I feel it took me at least a year before I learnt to smoke a pipe and really start getting something worthwhile out of it. As a former cigarette smoker I was treating it the same and missing everything. Honestly if someone told me 5-6 years ago that it takes a year to learn how to really smoke a pipe I wouldn't have believed it.

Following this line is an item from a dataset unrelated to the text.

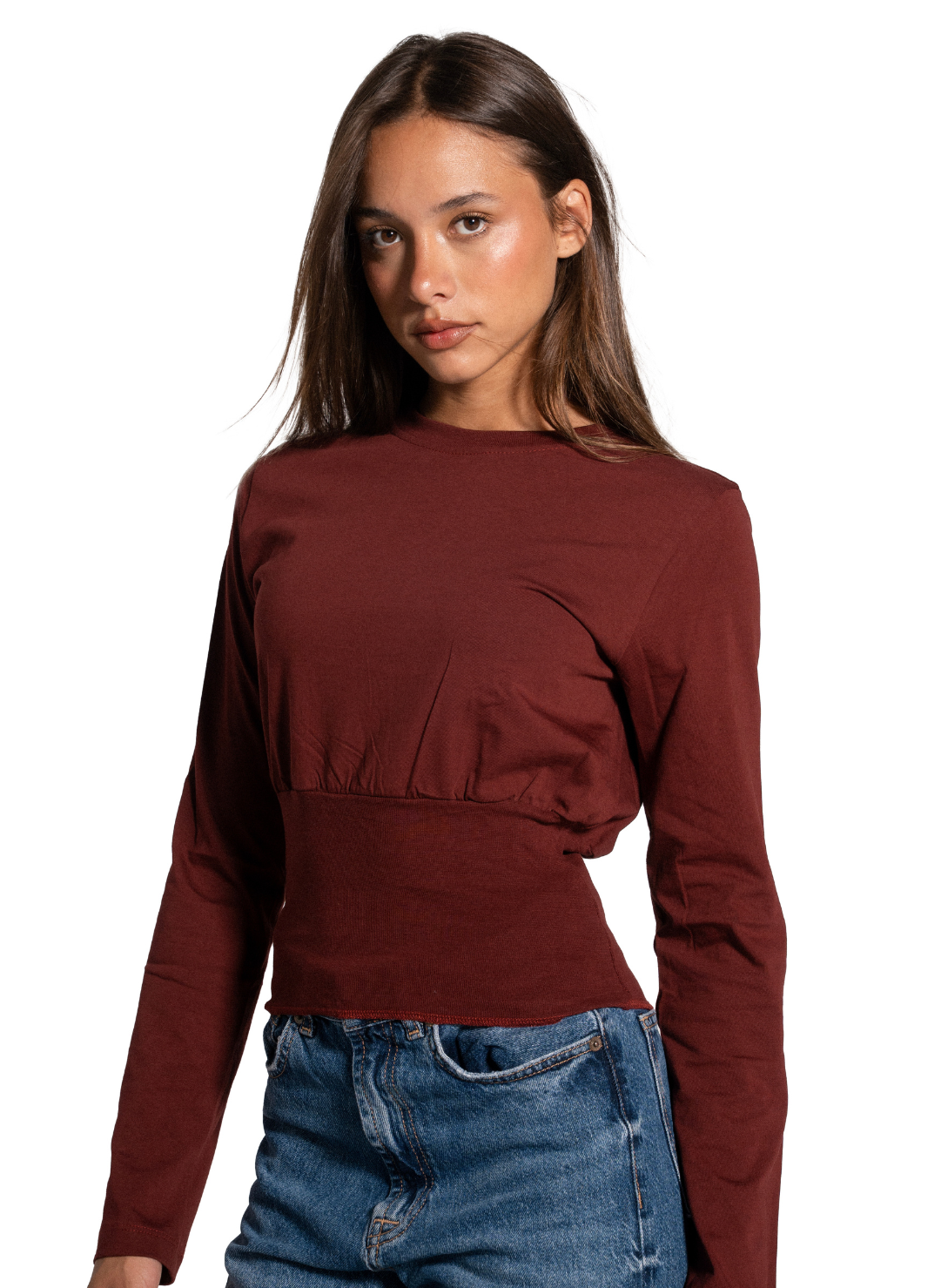 Burgundy Corset Long Sleeve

I actually remember when it all clicked together:

  • the tobacco was well-packed for the first time, to the point I could set the pipe down for 5-10 minutes and still get smoke out of it,
  • the pipe was warm - not hot - to the touch, and suddenly all the indiscriminate flavours started coming out when I'd slowly exhale through the nose.
  • The trap was that my first reaction was to puff more to get more taste, which I later realised it diminished what I was getting out of it.
  • So I let it down, let it almost die out and started very gently sipping at it, and lo and behold the flavours came back.
  • Since then pipe smoking has been transformed for me from a novelty to a real enjoyment.
It really is a hobby, tremendously relaxing and enjoyable. Often when I am smoking a pipe I don't need something else, I focus on that alone. Which brings my big bugbear: I can't/don't smoke in the house unless my wife and kids are away visiting my in-laws, I smoke on the balcony which is miserable. Cold in the winter, hot for most of the day in the summer, I don't have a comfortable chair, I am rushing it (which contradicts all of the above).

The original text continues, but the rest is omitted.